[tip:perfcounters/core] perf_counter: Accurate period data

From: tip-bot for Peter Zijlstra
Date: Wed Jun 10 2009 - 20:44:15 EST


Commit-ID: 9e350de37ac9607012fcf9c5314a28fbddf8f43c
Gitweb: http://git.kernel.org/tip/9e350de37ac9607012fcf9c5314a28fbddf8f43c
Author: Peter Zijlstra <a.p.zijlstra@xxxxxxxxx>
AuthorDate: Wed, 10 Jun 2009 21:34:59 +0200
Committer: Ingo Molnar <mingo@xxxxxxx>
CommitDate: Thu, 11 Jun 2009 02:39:02 +0200

perf_counter: Accurate period data

We currently log hw.sample_period for PERF_SAMPLE_PERIOD, however this is
incorrect. When we adjust the period, it will only take effect the next
cycle but report it for the current cycle. So when we adjust the period
for every cycle, we're always wrong.

Solve this by keeping track of the last_period.

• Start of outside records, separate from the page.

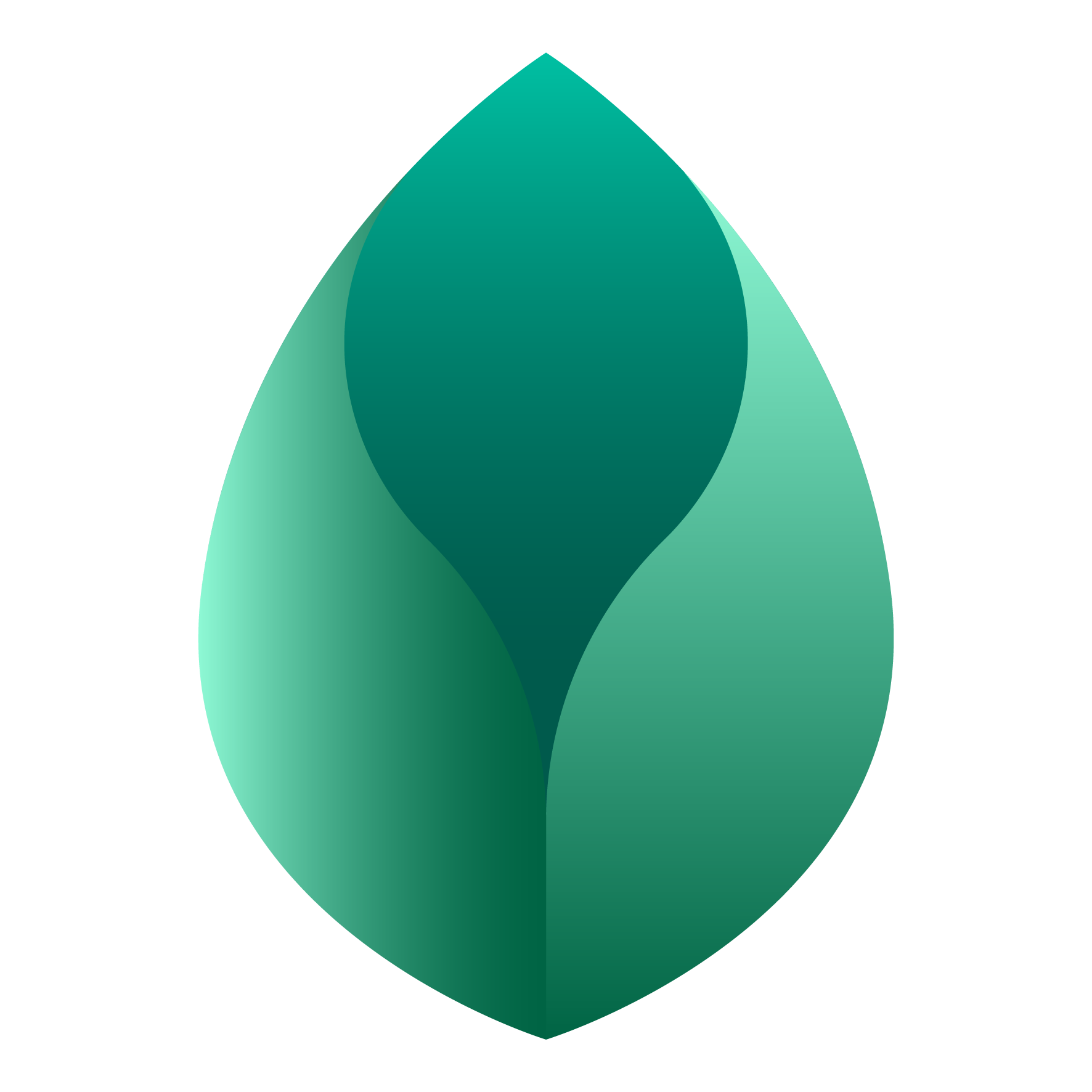 Abstract geometric design with overlapping teardrop shapes in shades of green and teal on a black background.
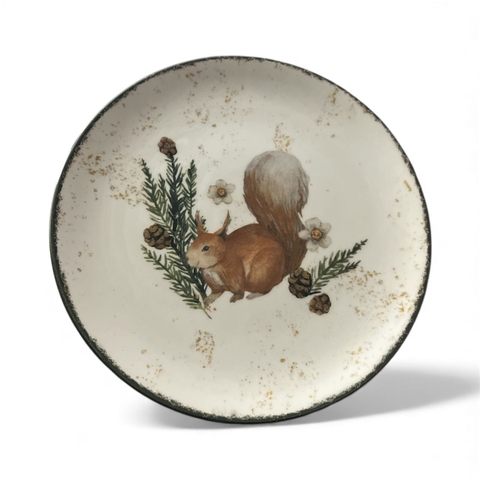 Kit 4 Pratos de Sobremesa Esquilo Natal – 20 cm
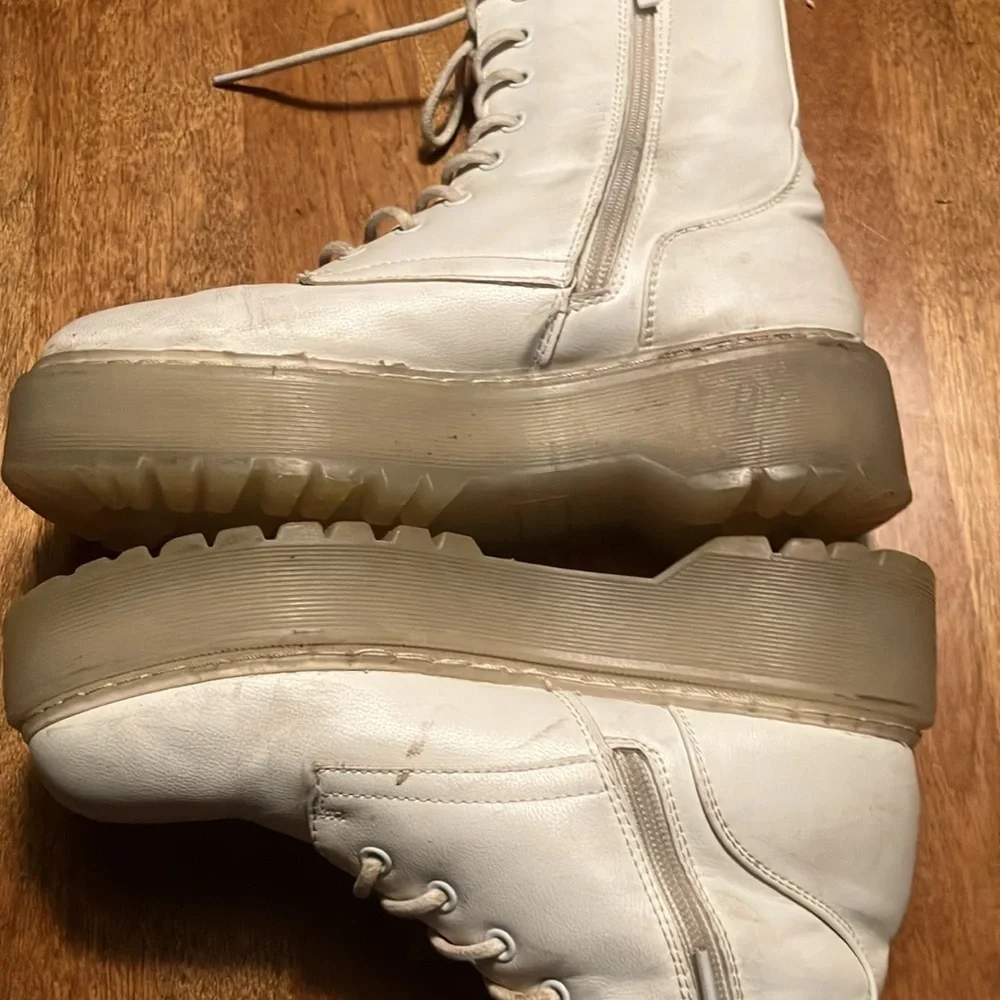 Jellypop moto combat white boot with zippers and jelly soles EU 37 / women’s 6.5 - Picture 5 of 13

Signed-off-by: Peter Zijlstra <a.p.zijlstra@xxxxxxxxx>
Cc: Peter Zijlstra <a.p.zijlstra@xxxxxxxxx>
Cc: Mike Galbraith <efault@xxxxxx>
Cc: Paul Mackerras <paulus@xxxxxxxxx>
Cc: Arnaldo Carvalho de Melo <acme@xxxxxxxxxx>
LKML-Reference: <new-submission>
Signed-off-by: Ingo Molnar <mingo@xxxxxxx>


---
arch/powerpc/kernel/perf_counter.c | 9 ++++++---
arch/x86/kernel/cpu/perf_counter.c | 15 ++++++++++++---
include/linux/perf_counter.h | 6 ++++--
kernel/perf_counter.c | 9 ++++++---
4 files changed, 28 insertions(+), 11 deletions(-)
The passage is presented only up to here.